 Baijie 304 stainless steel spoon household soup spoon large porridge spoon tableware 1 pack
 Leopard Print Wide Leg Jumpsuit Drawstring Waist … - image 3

- - - -

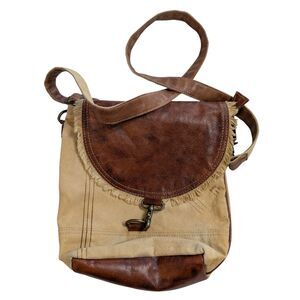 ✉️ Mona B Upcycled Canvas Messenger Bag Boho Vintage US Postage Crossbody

- - - -

* Your instructions
From the data above, reproduce word for word the lines running from the line with "Baijie 304 stainless" to the line with "Leopard Print Wide", ends included.

* Problem solution
 Baijie 304 stainless steel spoon household soup spoon large porridge spoon tableware 1 pack
 Leopard Print Wide Leg Jumpsuit Drawstring Waist … - image 3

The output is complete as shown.